Filistin mücadelesine insanlık değeri ekseninde hayatına mal olması pahasına destek veren tarihi örneklerden biri de hiç şüphesiz Amerikalı barış aktivisti bayan Rachel Corrie’dir. Aynı inancı taşımadığı, aynı halktan olmadığı halde, insani değerlere yapılan saldırılara sessiz kalamayan bu yürek, Filistin halkının destekçisi olduğundan, 2003 yılının Mart ayında 24 yaşında iken buldozerler altında bu mazlum halk gibi vahşice katledildi. Sınır tanımayan israil vahşeti, en büyük destekçisi olan ABD’nin kendi halkından bile olsa, Filistin’e yapılan desteğe karşı acımasızca sahneye çıkmaktadır. Öte yandan İslami olmasa bile insani değerin anlamını bilen ve “Zulüm bizdense ben bizden değilim” diyen bu Filistin kurbanı, başta Arap liderler olmak üzere Kudüs’e ihanet eden tüm İslam ülkelerinin yöneticileri için büyük bir utanç örneğidir.
Bu olaylara insaniyet noktasında bir karşı duruş sergileyen yürekler varken, Müslümanlar için sorumluluk hem insani hem de İslami boyutuyla daha da fazladır. Bu nedenle Kudüs erlerinin mücadelesine bigâne kalmanın vebali çok daha ağır olacaktır. Ölüm mukadderdir ve kimse kaçamayacaktır, ama bahtiyar olanlar bu ölüme izzetle giderken, bedbaht olanlar zilletle gideceklerdir. Hiç değer bilenlerle bilmeyenler bir olur mu?
Direniş bilinciyle aşılanmış özgür Kudüs âşıklarının mücadelesinin müjdesi olan şu hadis, bir gün gerçekleşecektir inşallah. Mühim olan, bu süreçte bizlerin hangi safta durduğu ve ne kadar katkı sunduğudur.

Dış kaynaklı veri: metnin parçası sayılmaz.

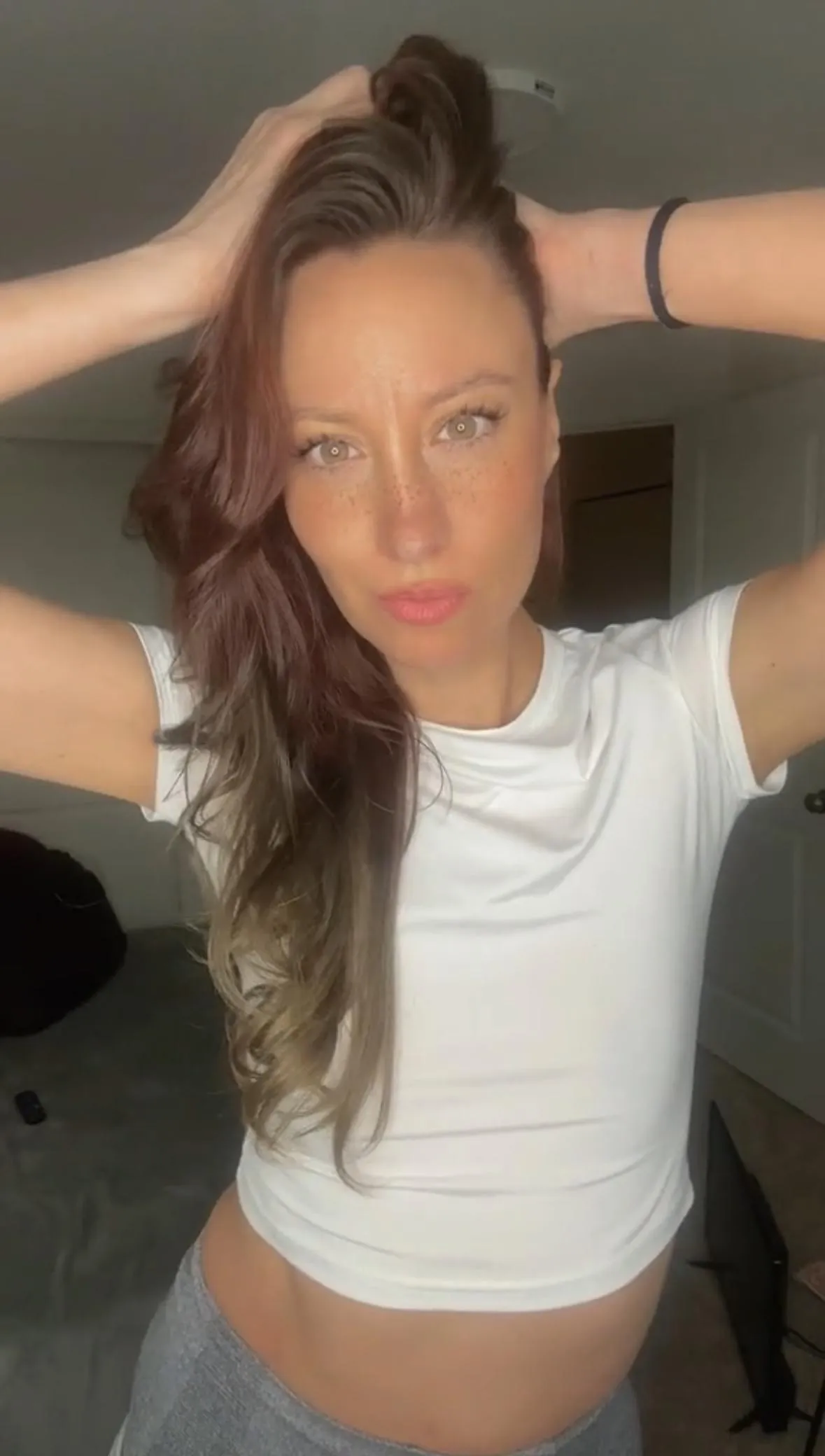 If no one sent you nudes today, would you want to receive mine?💦🥵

“Ümmetimden bir grup sürekli Hak üzere hareket edecek, düşmanlarına üstün geleceklerdir. Allah’ın emri gelinceye kadar (onların bu cihadları devam eder), kendilerine muhalefet edenlerin muhalefetleri onlara zarar vermez.’’ ‘‘Onlar nerededirler ya Resulullah?’’ diye sorulunca Hz. Peygamber (sav) şöyle buyurur: “Beyt’ül Makdis’te (Kudüs’te) ve çevresindeki bölgelerde.”